Book: "Pentaho Kettle Solutions", Matt Casters, Roland Bouman, & Jos van Dongen, Wiley 2010 Book: "Pentaho Solutions", Roland Bouman & Jos van Dongen, Wiley 2009

Saturday, August 20, 2005

MySQL: Create Dirty Little Tricker FOR SELECT ON view

Wow, i never thought it would work, but it sure seems to be the case. I stumbled over a post at the MySQL Triggers forum by Greg Chandler.

Greg would've liked to increment a number that's stored in the database. That's not an uncommon thing to want, but what makes Greg's question interesting in my opinion, is that he would like this to happen in the event that a user only reads the database field that stores the number. Now, I don't wan't to go into details as to why he needs it, but feel free and follow the link to find out all about it.

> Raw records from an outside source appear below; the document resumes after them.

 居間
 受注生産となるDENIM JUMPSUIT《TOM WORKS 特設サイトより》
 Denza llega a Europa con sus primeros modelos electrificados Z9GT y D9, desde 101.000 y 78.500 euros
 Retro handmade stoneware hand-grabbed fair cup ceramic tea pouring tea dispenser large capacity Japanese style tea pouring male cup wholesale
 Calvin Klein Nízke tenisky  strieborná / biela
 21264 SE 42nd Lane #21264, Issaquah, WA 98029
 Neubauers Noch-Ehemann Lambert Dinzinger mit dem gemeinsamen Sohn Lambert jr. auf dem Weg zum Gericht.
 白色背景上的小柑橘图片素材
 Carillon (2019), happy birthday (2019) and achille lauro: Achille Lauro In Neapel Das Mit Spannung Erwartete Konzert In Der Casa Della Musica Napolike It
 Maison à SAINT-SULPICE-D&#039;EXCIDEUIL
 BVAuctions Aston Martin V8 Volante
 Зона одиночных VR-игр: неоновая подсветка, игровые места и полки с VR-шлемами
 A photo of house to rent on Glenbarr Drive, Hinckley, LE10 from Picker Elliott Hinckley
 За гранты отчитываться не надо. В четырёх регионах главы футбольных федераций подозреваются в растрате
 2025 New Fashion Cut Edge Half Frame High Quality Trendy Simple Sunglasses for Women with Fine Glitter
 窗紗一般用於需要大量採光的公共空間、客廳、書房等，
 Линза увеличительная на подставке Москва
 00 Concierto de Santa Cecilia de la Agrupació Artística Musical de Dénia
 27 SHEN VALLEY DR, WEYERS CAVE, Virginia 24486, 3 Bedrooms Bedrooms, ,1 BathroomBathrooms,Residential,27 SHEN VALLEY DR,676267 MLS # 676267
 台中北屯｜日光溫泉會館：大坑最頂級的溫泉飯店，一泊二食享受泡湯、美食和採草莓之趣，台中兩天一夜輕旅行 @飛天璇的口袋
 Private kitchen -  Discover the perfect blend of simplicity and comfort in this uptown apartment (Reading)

Suppose you'd want to implement this, what you'd need is something like:


create trigger {trigger-name}
for select on {table-name}[(
{columnlist}
)]
for each row
begin
..increase that number...
end;


Of course, I made this syntax up to illustrate the resemblance with an ordinary triggered action. Like a stored procedure, a trigger is associated with a sequence of statements that's persistently stored in the database. This sequence can be executed repeatedly afterwards. Unlike a stored procedure, a trigger can't be called or evaluated directly at the user's request. Rather, a triggers is fired in response to some event occurring in the database.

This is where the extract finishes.